The Solution: Nuclear Power

by | Columns

Among the few absolute certainties confronting the human race is the growing need for energy. As the world’s population approaches 7 billion, with no end in sight, it is perfectly obvious that mankind must find ways of generating more and more energy to fuel both human and technological growth.

In the 20th century, the solution to the problem was oil. Increasingly across the decades, it ran our cars, operated our factories and provided the motive power for all sorts of indispensable human activities. Today, a technologically sophisticated society would be unimaginable without it.

And yet, the world’s supply of oil is far from unlimited. Already we are being forced to look ever further afield for it, and the cost of finding and exploiting new deposits of oil — most recently, under the world’s oceans — is rising inexorably. It doesn’t take a soothsayer to foresee that oil, as our principal energy resource, is a fast-diminishing asset.

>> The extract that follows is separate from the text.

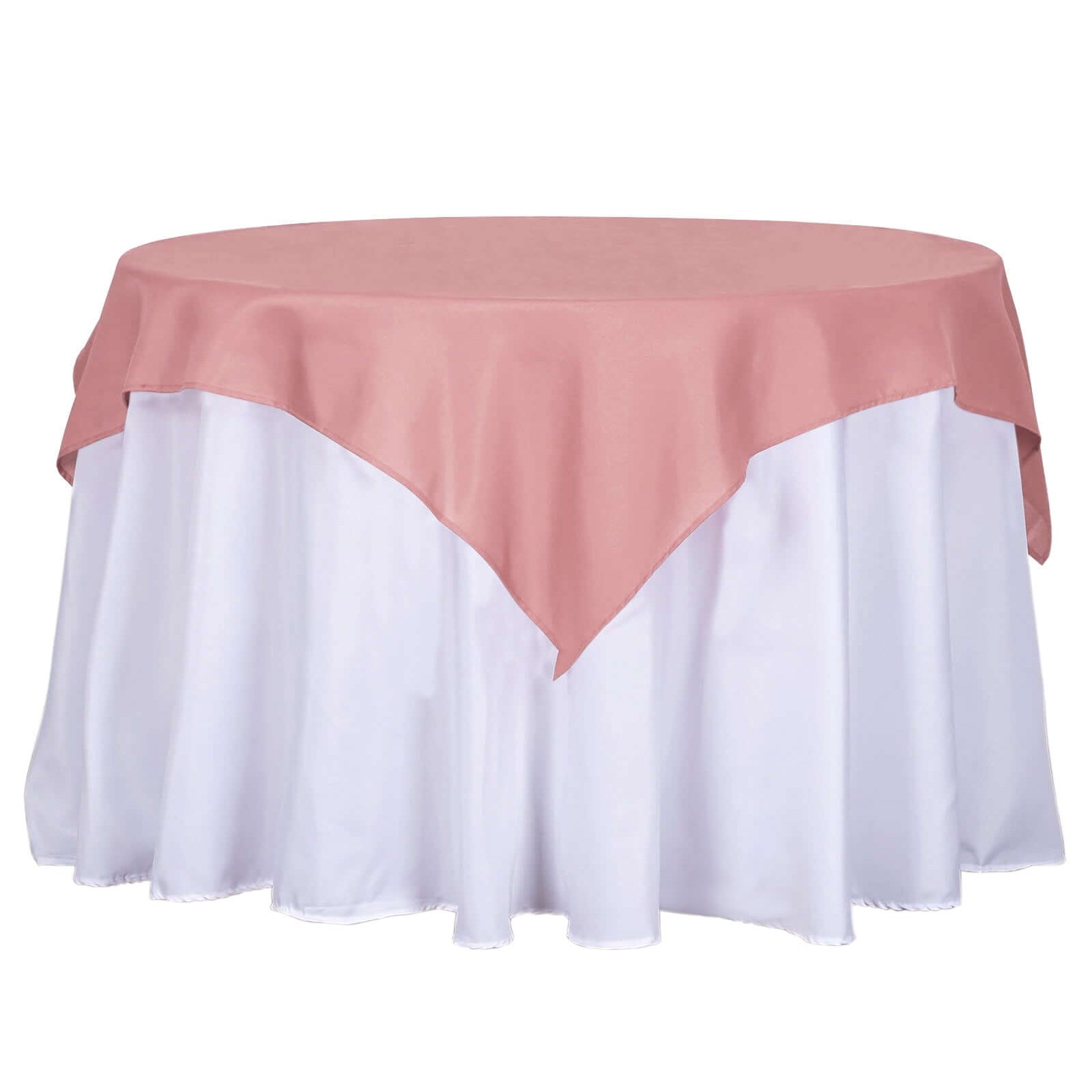Dusty Rose Polyester 54x54 Wrinkle-Resistant & Durable Square Table Overlay - Ideal for Events!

What is the alternative? There are shockingly few. Mining and burning more coal obviously isn’t the answer. Solar power is theoretically attractive, but harnessing it is technologically difficult and prohibitively expensive. Exotic alternatives like wind power are for all practical purposes out of the question.

Fortunately, there has been available for more than half a century a form of energy that is substantially infinite, ecologically inoffensive and readily available. It is nuclear power, and it is the obvious — indeed, the only — solution to mankind’s problem of producing more energy.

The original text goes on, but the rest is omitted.